(WHAT TO WORK ON):
Return all of the data exactly as written, without the pictures.

(MATERIAL PROVIDED):
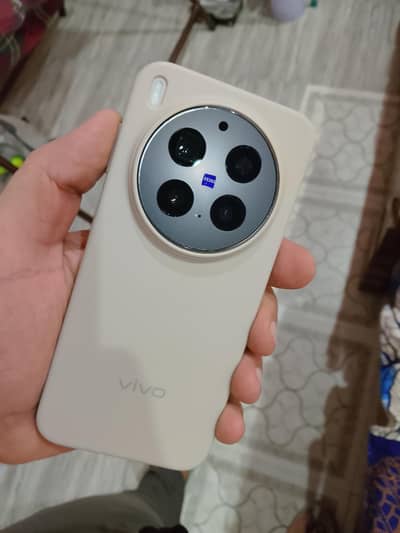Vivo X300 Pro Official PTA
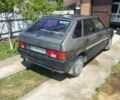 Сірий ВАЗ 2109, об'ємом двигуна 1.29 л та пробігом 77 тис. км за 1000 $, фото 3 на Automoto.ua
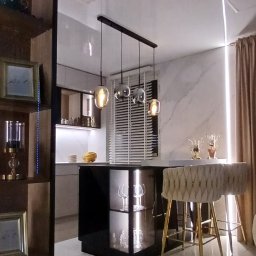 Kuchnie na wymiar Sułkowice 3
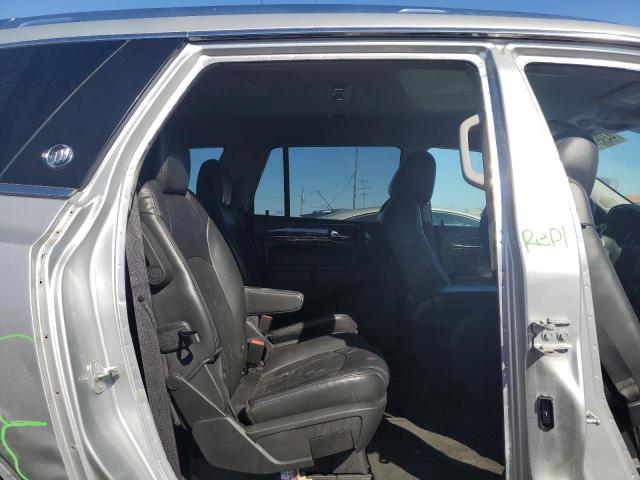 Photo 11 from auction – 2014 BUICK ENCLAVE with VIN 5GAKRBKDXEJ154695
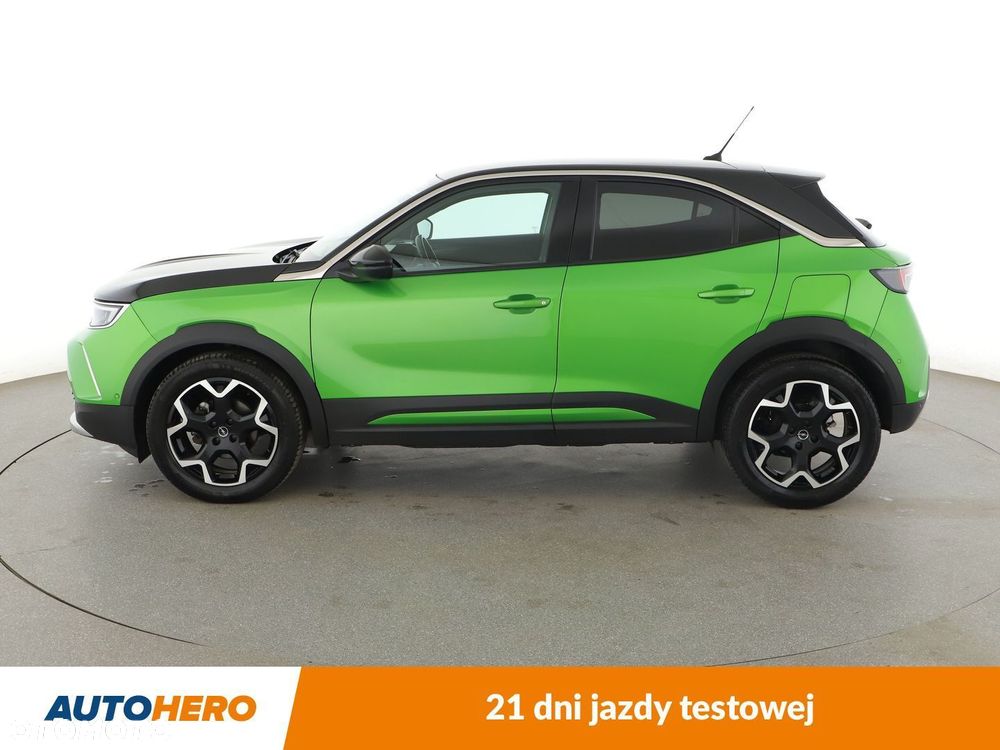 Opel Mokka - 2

(FINAL ANSWER):
Vivo X300 Pro Official PTA
 Сірий ВАЗ 2109, об'ємом двигуна 1.29 л та пробігом 77 тис. км за 1000 $, фото 3 на Automoto.ua
 Kuchnie na wymiar Sułkowice 3
 Photo 11 from auction – 2014 BUICK ENCLAVE with VIN 5GAKRBKDXEJ154695
 Opel Mokka - 2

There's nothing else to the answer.